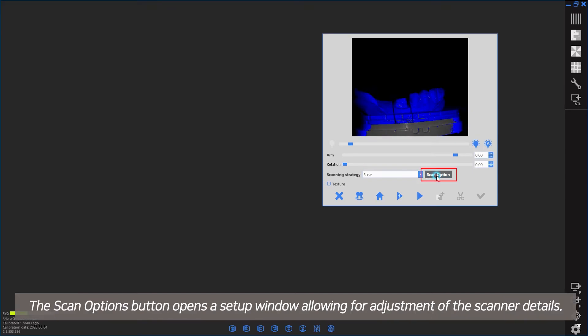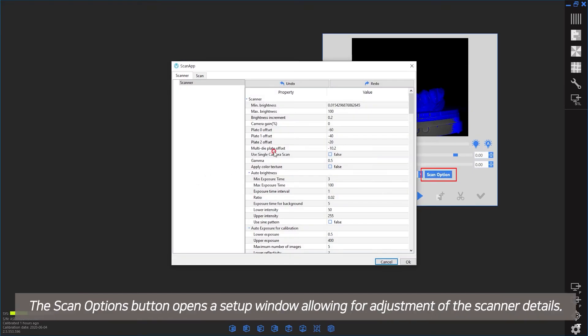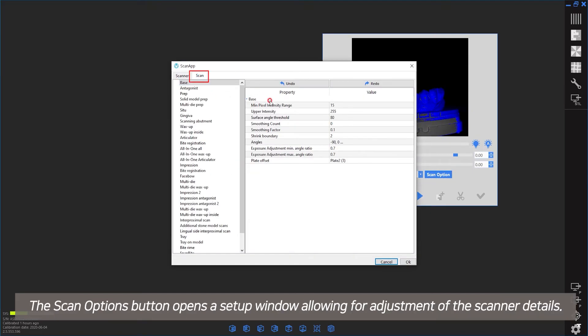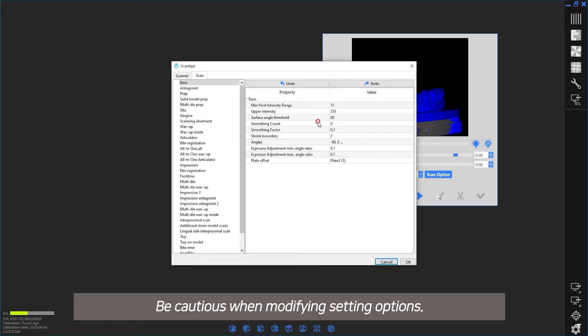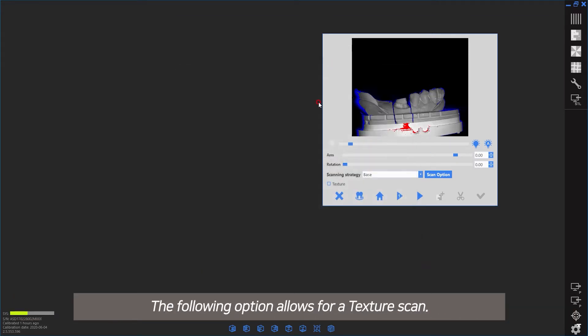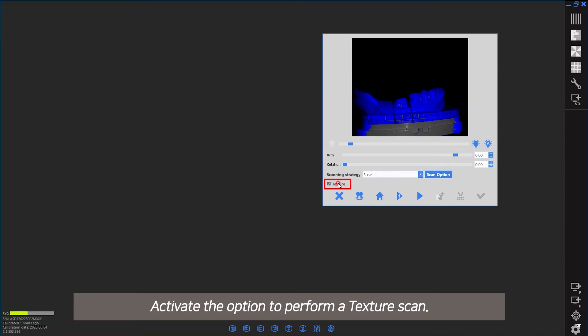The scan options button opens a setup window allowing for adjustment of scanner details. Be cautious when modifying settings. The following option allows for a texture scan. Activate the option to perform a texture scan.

○ ○ ○ ○ ○ ○ ○

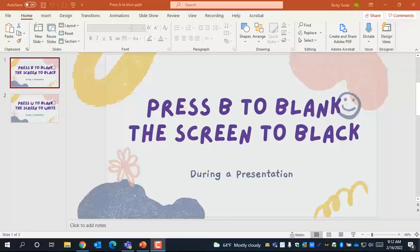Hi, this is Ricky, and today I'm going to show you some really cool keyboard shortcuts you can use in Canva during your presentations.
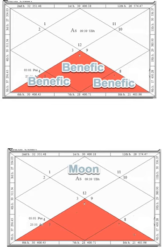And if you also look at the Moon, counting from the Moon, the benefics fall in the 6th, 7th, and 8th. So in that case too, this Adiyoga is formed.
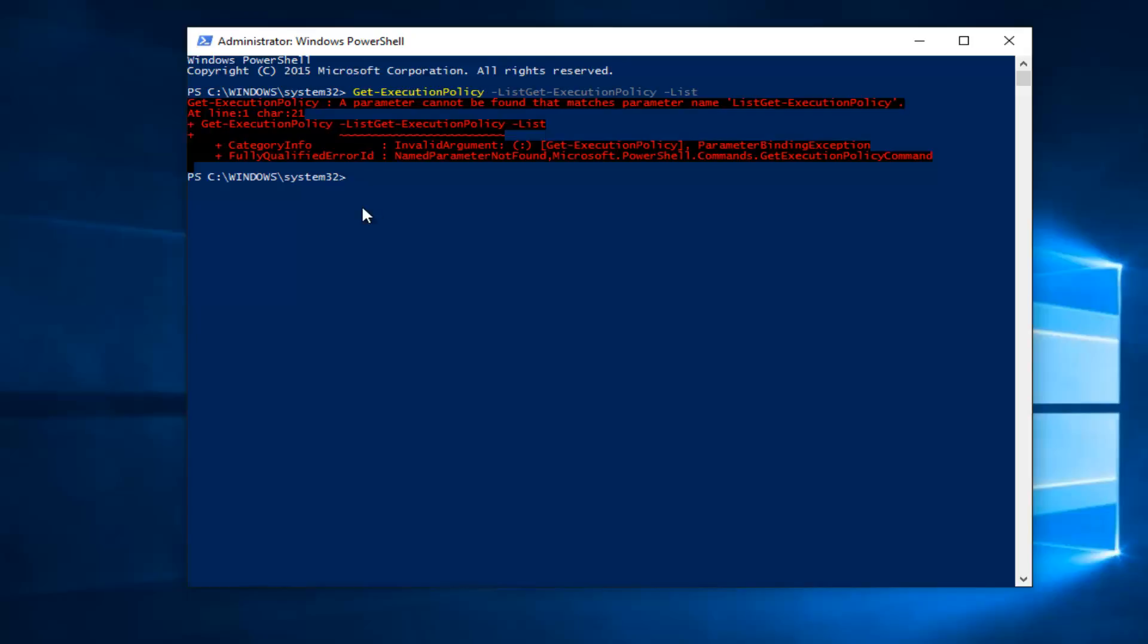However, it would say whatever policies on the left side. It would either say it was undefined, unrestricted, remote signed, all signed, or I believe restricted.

○ ○ ○ ○ ○ ○ ○

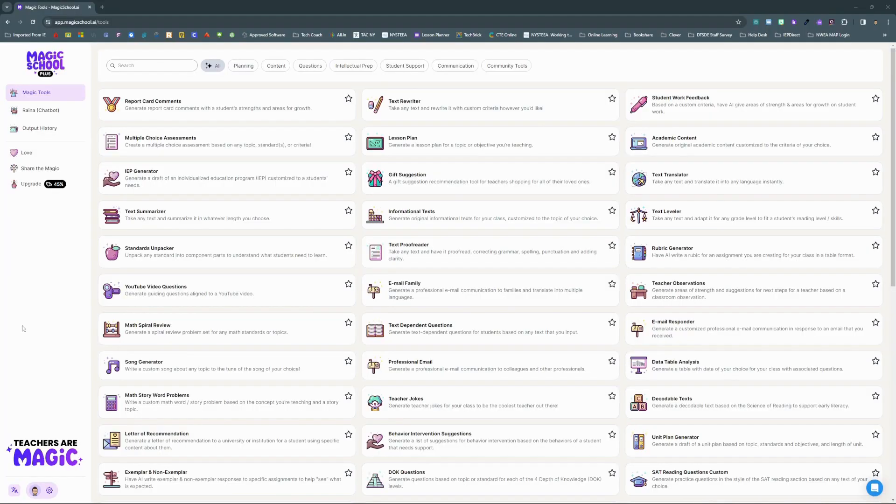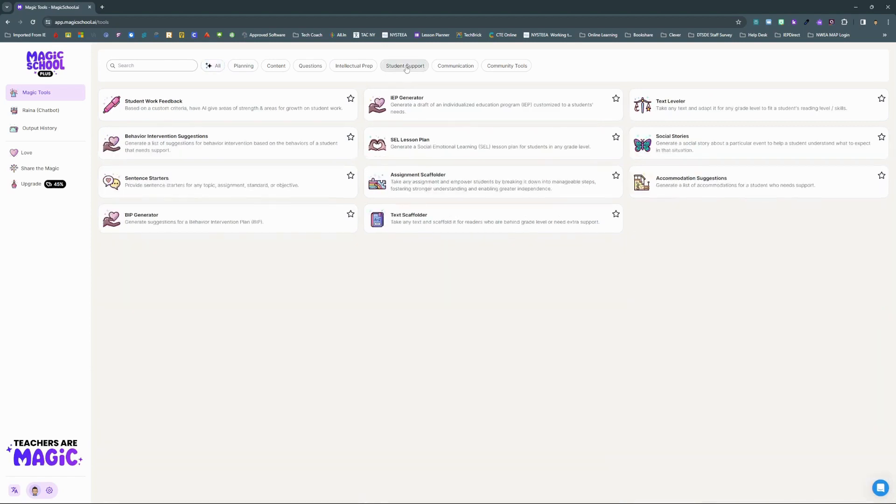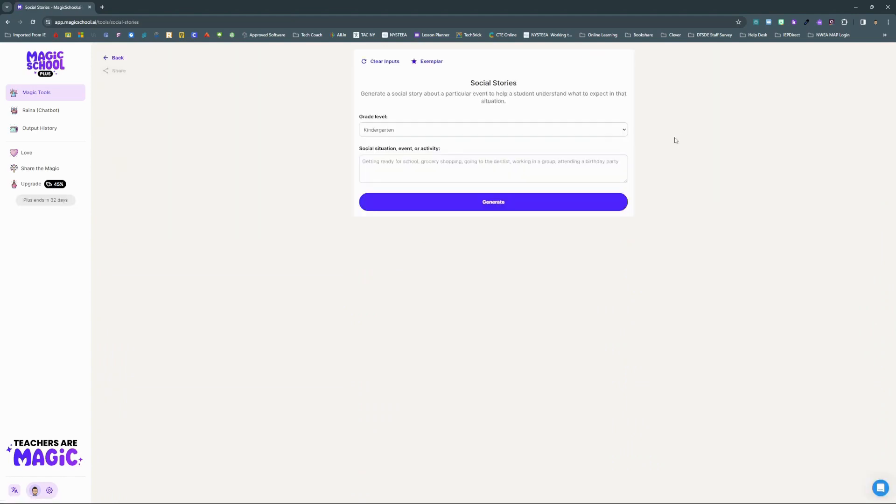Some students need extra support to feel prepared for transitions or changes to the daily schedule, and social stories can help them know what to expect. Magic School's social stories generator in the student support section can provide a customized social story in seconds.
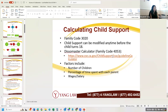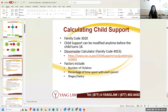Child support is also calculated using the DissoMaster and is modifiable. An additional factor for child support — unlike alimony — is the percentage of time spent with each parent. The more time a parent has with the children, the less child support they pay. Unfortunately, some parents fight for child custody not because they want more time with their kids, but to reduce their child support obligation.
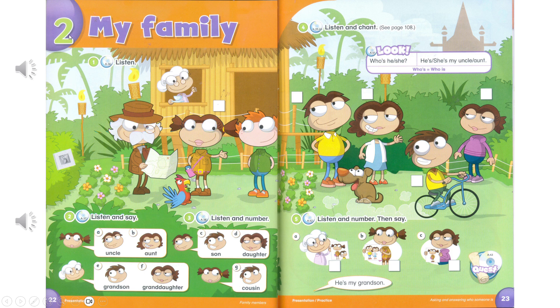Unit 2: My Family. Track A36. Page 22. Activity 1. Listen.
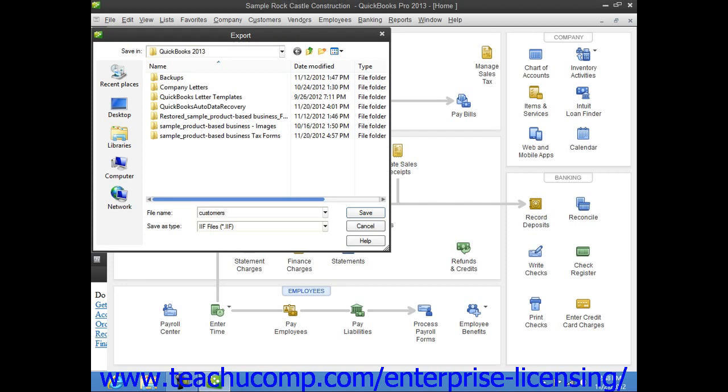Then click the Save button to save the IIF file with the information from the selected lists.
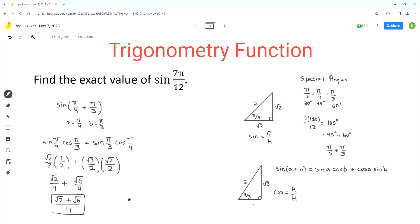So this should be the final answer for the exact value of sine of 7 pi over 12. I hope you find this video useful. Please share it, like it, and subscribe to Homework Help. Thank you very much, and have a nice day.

○ ○ ○ ○ ○ ○ ○

After locating the line containing "Child support is" in the entries above, return it and every line after it exactly, ending at the line containing "Then click the", without pictures.

# Answer to this exercise
Child support is also calculated using the DissoMaster and is modifiable. An additional factor for child support — unlike alimony — is the percentage of time spent with each parent. The more time a parent has with the children, the less child support they pay. Unfortunately, some parents fight for child custody not because they want more time with their kids, but to reduce their child support obligation.
Unit 2: My Family. Track A36. Page 22. Activity 1. Listen.
Then click the Save button to save the IIF file with the information from the selected lists.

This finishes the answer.